Elmer Faust, formerly of Cody, is the 2019 inductee. Faust’s major contributions to Wyoming aviation include his role in the development of aviation in Cody and the exceptional aircraft maintenance he provided to pilots throughout the Big Horn Basin and beyond.

Faust began flying in the 1920s in a Curtis Jenny. While working as an auto mechanic in Cody, Faust built his first airplane, a Corben Junior Ace, in his spare time.

Rather than purchase the entire kit, he obtained a set of blueprints and an engine and relied on his mechanical skills to build the airplane.

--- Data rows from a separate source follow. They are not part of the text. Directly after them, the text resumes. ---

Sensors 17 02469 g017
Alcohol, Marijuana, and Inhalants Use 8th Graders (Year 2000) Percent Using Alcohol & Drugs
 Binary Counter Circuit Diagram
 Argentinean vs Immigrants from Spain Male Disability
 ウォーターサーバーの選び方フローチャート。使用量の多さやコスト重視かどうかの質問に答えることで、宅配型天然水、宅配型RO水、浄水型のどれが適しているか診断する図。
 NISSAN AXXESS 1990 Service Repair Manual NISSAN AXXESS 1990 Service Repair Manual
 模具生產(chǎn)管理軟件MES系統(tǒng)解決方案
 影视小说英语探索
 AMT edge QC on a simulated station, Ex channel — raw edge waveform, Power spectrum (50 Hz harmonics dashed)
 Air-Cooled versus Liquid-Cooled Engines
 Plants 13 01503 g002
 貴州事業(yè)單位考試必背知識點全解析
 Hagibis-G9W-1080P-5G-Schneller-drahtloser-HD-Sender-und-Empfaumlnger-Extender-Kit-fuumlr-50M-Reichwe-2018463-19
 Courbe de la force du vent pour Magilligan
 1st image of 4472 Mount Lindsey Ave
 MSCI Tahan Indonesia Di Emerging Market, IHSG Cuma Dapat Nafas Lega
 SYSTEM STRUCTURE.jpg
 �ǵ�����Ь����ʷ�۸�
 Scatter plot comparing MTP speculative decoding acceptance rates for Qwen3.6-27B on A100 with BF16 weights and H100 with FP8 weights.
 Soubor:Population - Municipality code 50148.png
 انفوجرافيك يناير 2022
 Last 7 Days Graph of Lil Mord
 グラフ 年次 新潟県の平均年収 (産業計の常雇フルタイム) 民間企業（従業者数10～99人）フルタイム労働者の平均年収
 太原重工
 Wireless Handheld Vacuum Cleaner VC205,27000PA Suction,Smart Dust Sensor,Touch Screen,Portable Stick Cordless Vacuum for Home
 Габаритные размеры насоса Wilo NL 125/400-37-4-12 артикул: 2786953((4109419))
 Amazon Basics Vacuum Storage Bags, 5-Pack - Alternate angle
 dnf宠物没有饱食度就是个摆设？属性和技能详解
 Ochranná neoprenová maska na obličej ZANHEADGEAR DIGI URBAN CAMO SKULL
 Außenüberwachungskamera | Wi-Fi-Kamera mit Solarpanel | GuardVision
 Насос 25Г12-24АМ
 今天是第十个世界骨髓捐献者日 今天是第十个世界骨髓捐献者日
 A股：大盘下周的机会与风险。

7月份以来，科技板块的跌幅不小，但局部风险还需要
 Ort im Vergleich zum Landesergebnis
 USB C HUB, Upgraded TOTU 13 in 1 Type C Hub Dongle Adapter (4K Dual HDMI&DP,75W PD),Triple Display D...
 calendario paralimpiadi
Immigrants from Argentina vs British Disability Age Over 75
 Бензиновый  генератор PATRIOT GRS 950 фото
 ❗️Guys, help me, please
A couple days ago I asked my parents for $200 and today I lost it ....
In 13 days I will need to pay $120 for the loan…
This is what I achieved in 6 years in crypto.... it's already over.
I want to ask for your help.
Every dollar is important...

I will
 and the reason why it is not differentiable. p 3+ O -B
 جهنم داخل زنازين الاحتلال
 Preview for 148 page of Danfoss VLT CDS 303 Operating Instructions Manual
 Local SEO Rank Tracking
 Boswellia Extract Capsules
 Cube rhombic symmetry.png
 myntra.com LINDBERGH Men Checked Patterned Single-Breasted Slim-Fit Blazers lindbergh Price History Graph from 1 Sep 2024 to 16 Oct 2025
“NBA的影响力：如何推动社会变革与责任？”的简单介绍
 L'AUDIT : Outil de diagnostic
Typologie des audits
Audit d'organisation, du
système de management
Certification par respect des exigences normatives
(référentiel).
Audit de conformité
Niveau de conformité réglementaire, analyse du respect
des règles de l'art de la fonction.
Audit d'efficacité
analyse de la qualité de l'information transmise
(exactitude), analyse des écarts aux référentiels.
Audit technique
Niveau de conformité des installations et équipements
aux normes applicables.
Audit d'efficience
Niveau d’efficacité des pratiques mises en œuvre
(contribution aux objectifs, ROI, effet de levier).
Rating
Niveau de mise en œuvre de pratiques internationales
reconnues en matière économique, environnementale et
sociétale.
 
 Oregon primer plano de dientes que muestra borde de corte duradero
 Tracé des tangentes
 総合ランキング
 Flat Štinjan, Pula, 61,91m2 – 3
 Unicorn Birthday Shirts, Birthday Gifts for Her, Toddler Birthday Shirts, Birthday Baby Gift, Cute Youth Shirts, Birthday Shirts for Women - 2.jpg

During the late 1920s and continuing into the 1930s, Faust, along with several other Cody residents, cleared a pasture of rocks and brush to form a landing strip and then used a truck to pull a drag to smooth the landing surface. Later, he constructed two hangars at the airstrip. Along with a hangar built by the city, these became the first structures at what would become the Cody airport. In honor of his efforts to help establish an airport, the terminal was named the E.E. Faust Terminal in 1992. 

Faust began providing aircraft maintenance in the late 1930s. In 1949, he formally established Cody Aero Service, and for many years was the only mechanic in the Big Horn Basin and surrounding area. Faust was awarded the Federal Aviation Administration Aviation Mechanic Citation for his efforts that contributed significantly to the safety and increased reliability in aviation maintenance and for his efforts toward improved maintenance practices. Faust’s mechanical abilities led to his strong interest in the mechanical aspects of aircraft, and though aircraft maintenance was his primary business, rebuilding older aircraft was his passion. He rebuilt aircraft including a 1937 Fairchild 24, 1928 Mono Coup and several Waco Aircraft Company (WACO) aircraft. A 1933 WACO UIC that he restored in 1976 for use in the oil pipeline industry in Casper eventually was donated to the Smithsonian’s Paul E. Garber Storage Facility, the National Air and Space Museum’s reserve collection of historically significant aircraft. Faust also built and modified a late-1940s Piper PA-12. When it was completed in 1954, this heavily modified airplane became known as the Faust 301 and was still flying in 2019. 

During World War II, Faust served his country as an instructor at Hancock College of Aeronautics in California where he taught aircraft mechanics and engines. This included being the lead instructor for a new program designed to train young women to be aircraft mechanics.

Born on Nov. 29, 1900, in the community of Otto, southeast of Cody, Faust grew up in Meeteetse and Cody and graduated from Cody High School. Faust passed away in Cody on March 24, 1989. 

The Wyoming Aviation Hall of Fame is a non-profit, publicly supported, tax-exempt organization dedicated to honoring individuals who have made outstanding contributions to the establishment, development and/or advancement of aviation in Wyoming. The organization comprises a board of directors and operates in conjunction with the Wyoming Aeronautics Commission. Founded in 1994 through the efforts of the late Red Kelso of Cheyenne, the Wyoming Aviation Hall of Fame held its first induction in 1995.